In the entries below, find the line with "Damen T-Shirt Schwarz" and the line with "Artiss 4x Bar". Return those two lines and all lines between them, exactly.

Dataset excerpts:
━━━━━━━━━━━━━━━━━━━━━━━━━━━━━━
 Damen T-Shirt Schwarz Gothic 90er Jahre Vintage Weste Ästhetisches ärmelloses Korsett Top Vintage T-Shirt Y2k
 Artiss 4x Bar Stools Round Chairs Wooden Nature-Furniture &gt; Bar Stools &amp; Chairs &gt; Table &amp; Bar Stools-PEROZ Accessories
━━━━━━━━━━━━━━━━━━━━━━━━━━━━━━
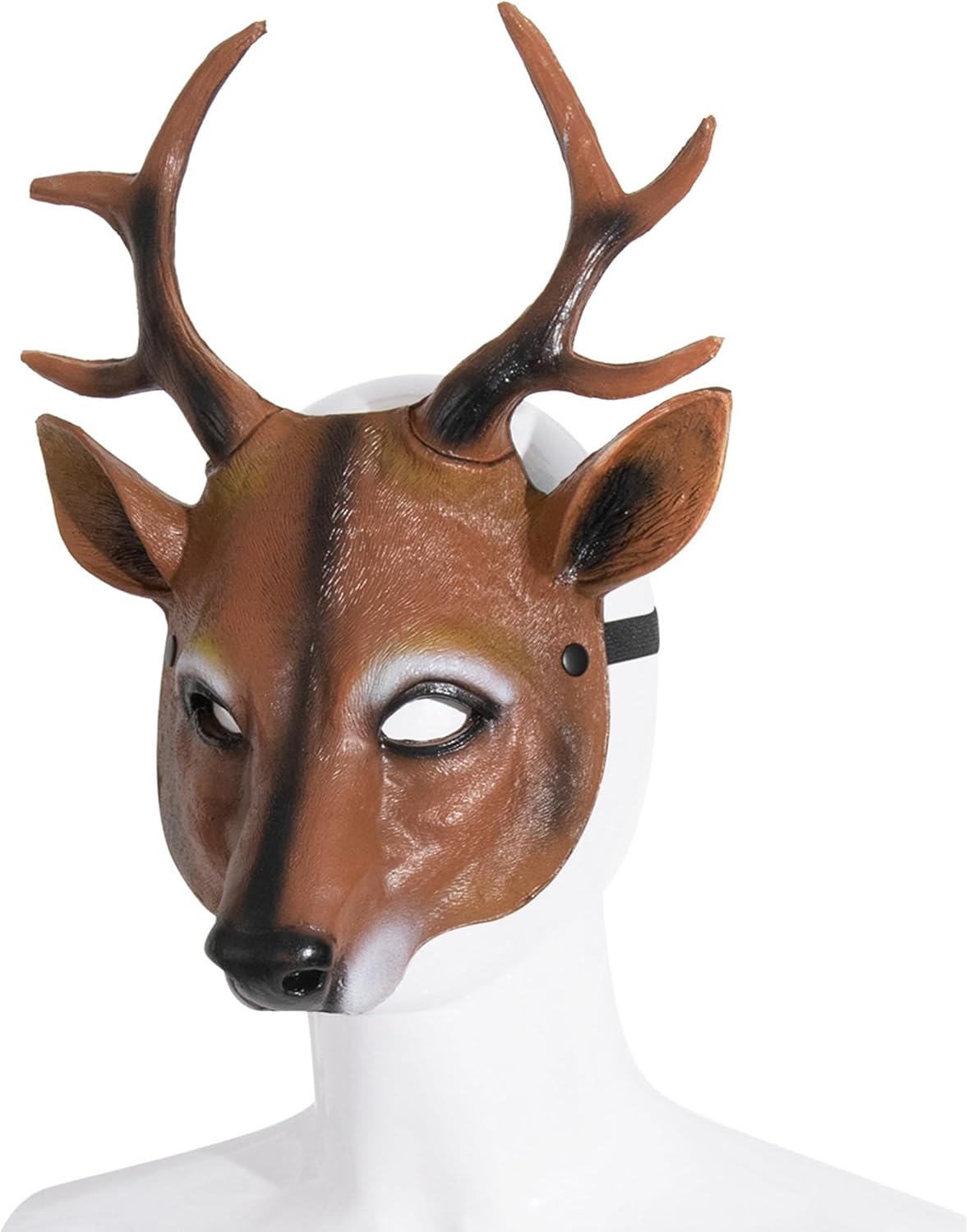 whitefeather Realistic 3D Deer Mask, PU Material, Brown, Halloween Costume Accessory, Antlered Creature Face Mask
━━━━━━━━━━━━━━━━━━━━━━━━━━━━━━
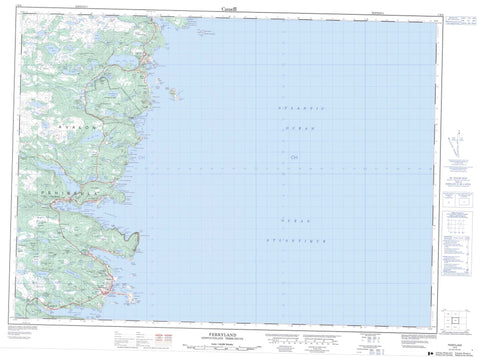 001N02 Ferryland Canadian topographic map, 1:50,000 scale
━━━━━━━━━━━━━━━━━━━━━━━━━━━━━━
Task solution:
 Damen T-Shirt Schwarz Gothic 90er Jahre Vintage Weste Ästhetisches ärmelloses Korsett Top Vintage T-Shirt Y2k
 Artiss 4x Bar Stools Round Chairs Wooden Nature-Furniture &gt; Bar Stools &amp; Chairs &gt; Table &amp; Bar Stools-PEROZ Accessories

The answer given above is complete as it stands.